The most serious crimes happen when people from outside campus come onto campus. I remember some high school kids going to a frat party and bringing out a knife, and some one holding up some joggers with a gun.
In terms of liberal or conservative, I'd say UR itself is mostly liberal. Just as an example, the Protestant Chapel Community chaplain is an out lesbian (and wicked awesome too).
Otherwise, I agree with all that is said above. ;o)
Edited at 2008-10-23 12:46 pm (UTC)
I went to the U of R in the '90s and loved every minute of it. I was president of the gay group my last year and always felt safe in that regard. I never felt unsafe anywhere in the Rochester area. I grew up living all over the world (Kenya, Spain, UK) so the crime was basically non-existant for me. I also knew areas to avoid.
I still live in Rochester ... because I love the city. The libraries are great...as for good bookstores, not so much. But I carry books that I love at my store nook
. Mostly books on design, architecture, art, etc.
Best of luck. I don't think you'll go wrong at either school.
I am an alum (08) who lived off-campus for 2 years, so I think I might have a slightly (positive) different perspective
1.) A few people have posted comments that give me the idea that Rochester is rather conservative, is this true?
To be fair, Rochester is a small, research-based private school so yes, it may be more conservative than most liberal colleges, but nothing over-bearing.
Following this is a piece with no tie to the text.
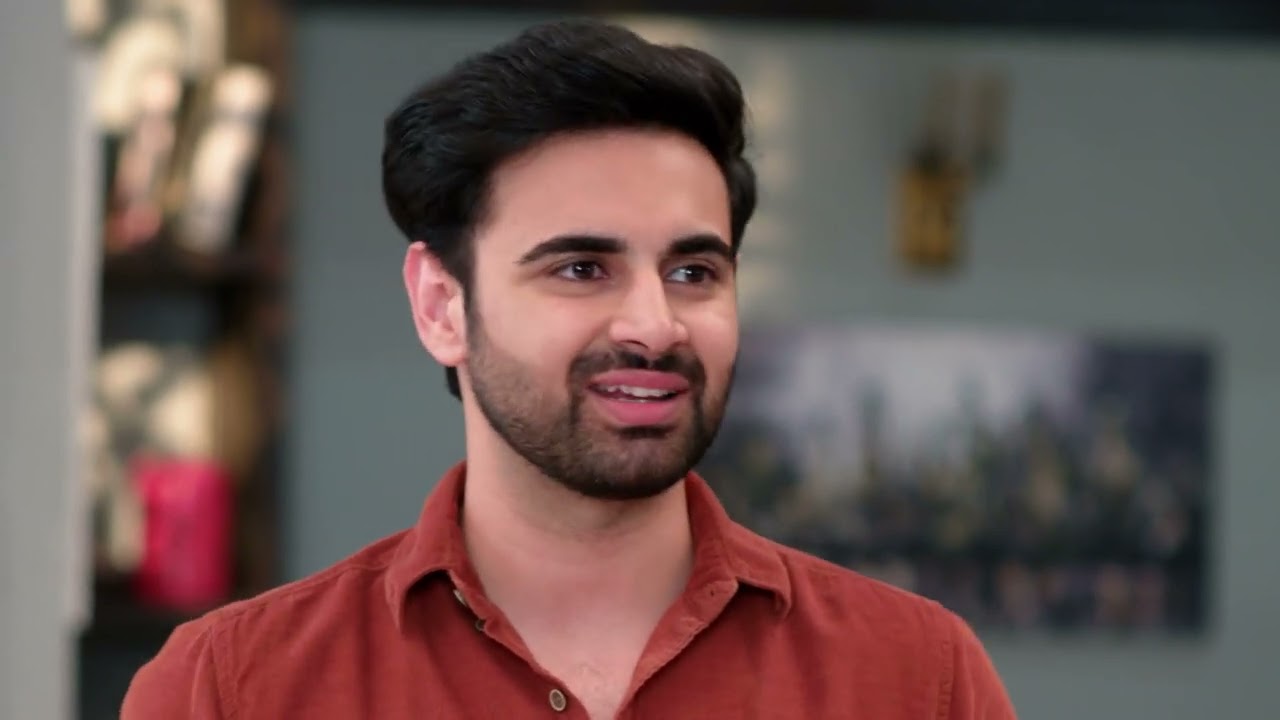 Kumkum Bhagya - Hindi TV Serial - Ep 2323 - Full Episode - Shabir Ahluwalia, Sriti Jha - Zee TV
2.) How is Rochester towards international students? And gay students?
I don't think there is discrimination toward international students at all. True, Rochester is not the most diverse school, but it certainly was more diverse than were I grew up! (Utah). A lot of the people that work in the Rochester Center for Community Leadership (which does community service) are actually gay (the administrators), and they themselves have told me that Rochester is a very gay-friendly city. There are really fun gay-bars/ clubs, and the campus is certainly gay friendly.
3.) Are there any South African students at Rochester?
LOL. My friend Ron Wang grew up in South Africa (born in Taiwan) and that is the only person I know. I only laugh because we were in a program together and I felt like they treated him like the "token" kid from South Africa, so I bet you might get a lot of questions about South Africa since there really may be no other students.
4.) What’s the Anthropology program like?
This I don't know for sure (I was natural science/ psych). However, two of my very good friends loved the program and did very prestigous research/ had great study abroad experiences. I know the department is also very small and intimate.
5.) What’s the deal with the no cars rule for 1st years? Are they actually allowed to do that?
If things have not changed, parking is shit on campus. Don't worry, I never had access to a car until senior year and it was fine. The buses are pretty good, and if you like to bike, Rochester is one of the most bike-able cities ever.
6.) What’s the crime rate like?
The crime rate is bad, but not where the campus is, nor where the Eastman school of music is. People will lie, spread rumors, and ignorance, but trust me...living off-campus and being a small female who often rode her bike alone did not cause me to lead a perilous life. The crime rate is bad because of inner-city youth gang/ drug violence and unfortunately (I guess some would say fortunately) U of R is a chapel on a hill that is shielded from that. The east side of the city is great if you are into local/ sustainable types of establishments.
7.) Are the libraries any good? Are there at least a few great bookstores?
There are WONDERFUL used book stores in Rochester. THe library is great, we have interlibrary loan, so if there is a book you want that Rush Rhees does not have, then they will borrow from another school for you. Seriously, though, I love the used bookstores in Rochester. The bookstores owners are really chill too.